For a moment she looked confused. “Oh, of course. My mother took them to our new home in Santa Barbara. After she died, they were placed in storage by the lawyer, and when Tom and I finally bought our house-we lived in the big one up front, I only moved back here and rented that one out after I found I could no longer take care of it properly-when we bought it, the furnishings were shipped to us.”

“You've sold some of them, haven't you?”

“Only recently. I couldn't keep all of them here, and I decided I should let them go to people who really wanted them.”

“Do you remember a marriage coffer, one with a crucifix design around the edges?”

“Why, yes. That was my mother's, her hope chest, as they call it now. I hated to part with it, but the dealer wanted to buy the things in a lot, and the chest was part of it.”

“I think you'll be pleased to know it has found a good home.” I went on to tell her about my job, the display Rudy Lopez and I were assembling, and the auction.

Mrs. Manuela looked both pleased and interested. “How strange it is that the chest ended up in Santa Barbara once more,” she said. “The auction house I sold it to was here in Santa Monica, but I understand they conduct sales in all parts of the state. Is it because of the chest that you and Mr. Ryder became interested in my family?”

“In a way. Mrs. Manuela, what can you tell me about the religious artifacts your grandfather hid during the Bear Flag Revolution?”

The non sequitur didn't seem to surprise her. “Ah, yes-the artifacts. That is part of the family folklore. But how did you learn of them?”

I explained about the detective's report in the marriage coffer. Mrs. Manuela's faded old eyes sparkled with excitement.

“So that was where the key to the chest was,” she said. “I never knew about that little compartment. The chest was where my mother kept her important personal papers, and she always locked the drawer, since I was an exceptionally curious child, and not a tidy one when prying into other people's belongings.”
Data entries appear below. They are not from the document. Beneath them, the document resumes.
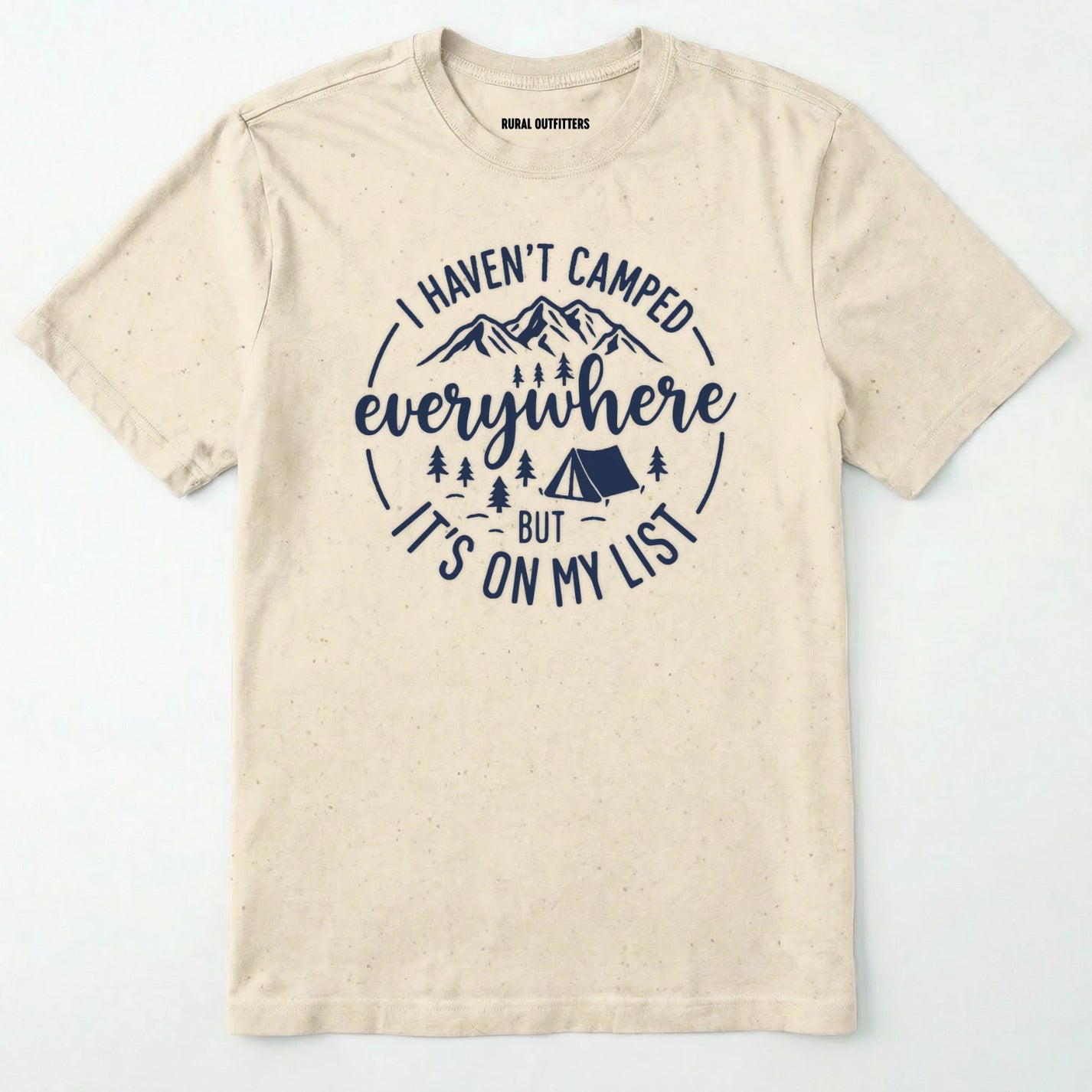Natural funny camping shirt saying with mountains, trees, tent graphic and "I Haven't Camped Everywhere But It's On My List" text on a white background.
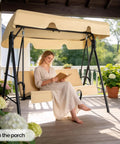 Outdoor Porch Swing With Adjustable Canopy And Heavy Duty Stand, beige cushions, woman reading on porch glider.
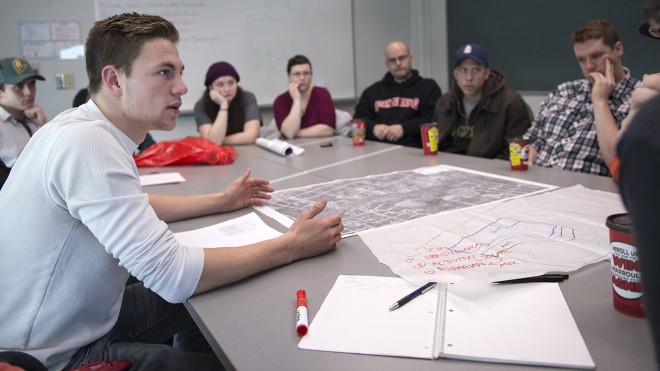 At the London Campus of Fanshawe College, a group sits around a table with maps and notes, engaged in a discussion for the GIS and Urban Planning program.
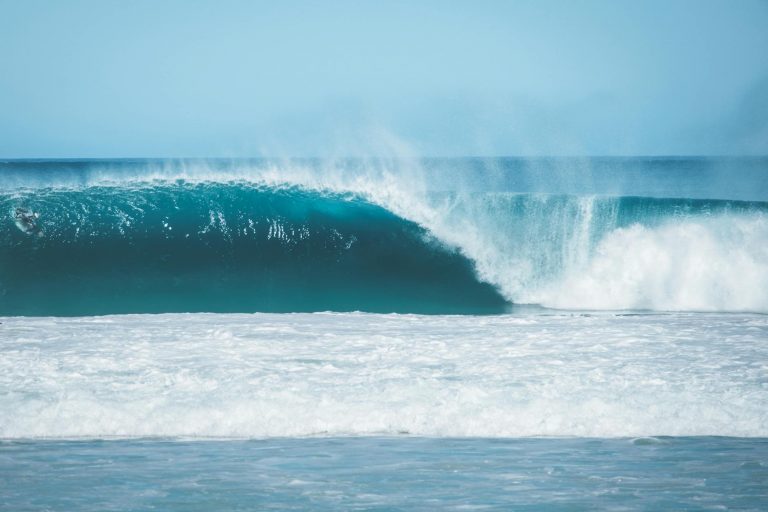 blue sea waves under cloudless sky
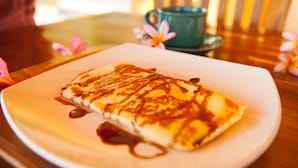 A plate with a crepe on a wooden table. - Dayuh House (Penida Island)
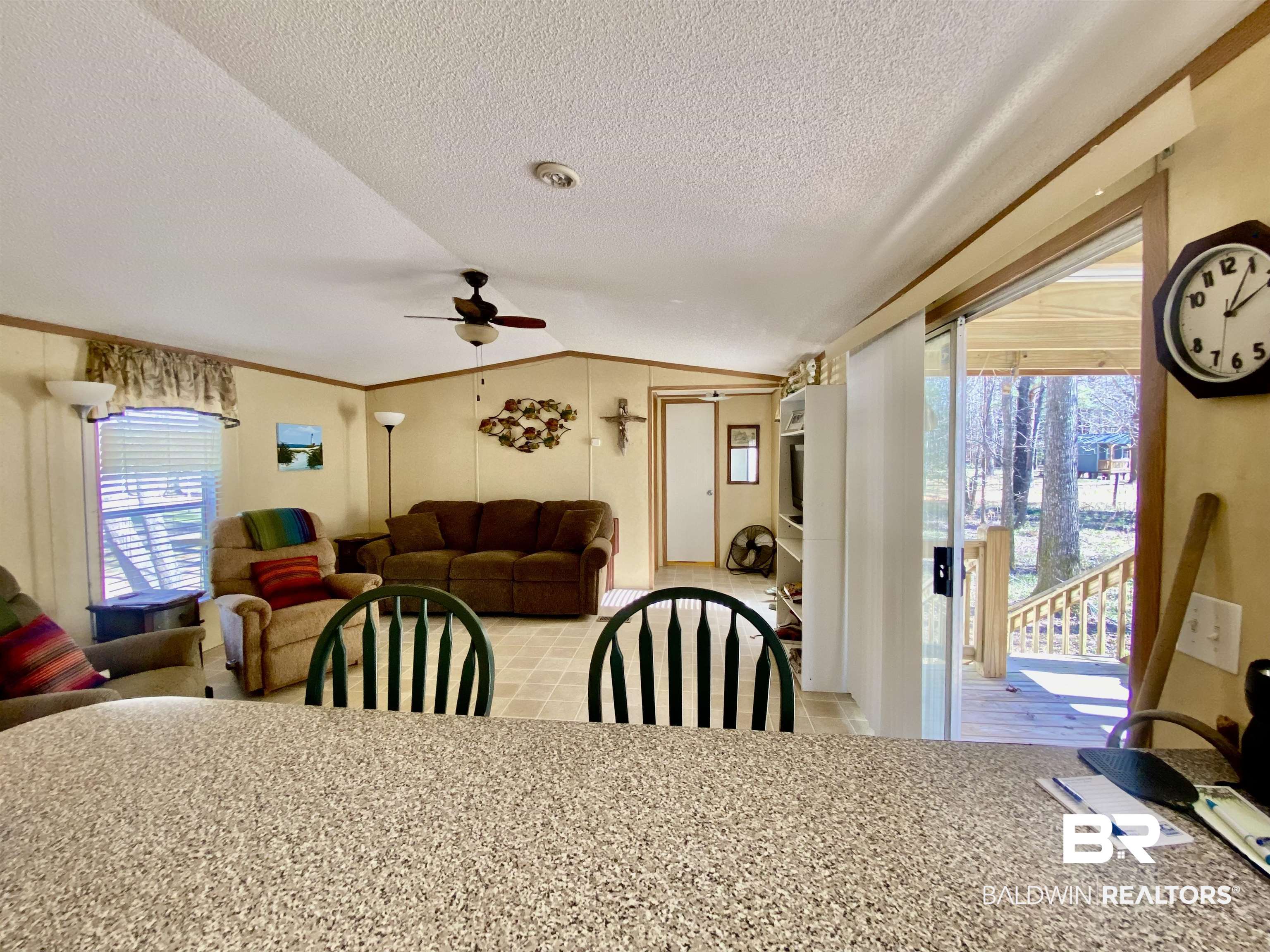 294 Eureka Way Uriah, AL 36480 - Photo 7 of 18 Dining area with vaulted ceiling, ceiling fan, a textured ceiling, and crown molding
“Then, all the years you had it, you were never able to look inside the drawer?”

“No. I thought the key had been lost.”

I said, “But you did know that your father had hired someone to look for the artifacts.”

“No, I am afraid I did not. You must remember that I was very young when he died and we moved from the rancho. And my mother never mentioned anything of the sort.”

“Did she speak to you of the artifacts?”

“No, never. What I knew of them came from Maria Santiago.”

“Perhaps there would be something about them in the box of papers you mentioned on the telephone?”

She smiled, her face a fine web of wrinkles. “Of course. Come with me, please.”

She led me through the small dining ell to the door to the bedroom. Inside was a heavily carved canopied bed, obviously one of the furnishings Senora Velasquez had removed from the hacienda. Mrs. Manuela pointed to it. “There is a wooden box under there that contains the papers. Will you bring it out, please?”

I got down on my hands and knees and peered under the overhang of the bedspread. The box was a low one and measured perhaps three by four feet, with an unlocked hasp and brass hinges similar to the fittings on the marriage coffer. I grasped it and pulled; it was heavy and cumbersome but slid easily on the hardwood floor.

Mrs. Manuela said, “The box contains many of my family's papers. The lawyer had it sent down along with the furniture. In those days I was too involved with my life as a newly married woman to go through them, and in later years whenever I started to, I couldn't withstand the pain. You are welcome to look, however. Take all the time you need. I will be in the living room watching the news.”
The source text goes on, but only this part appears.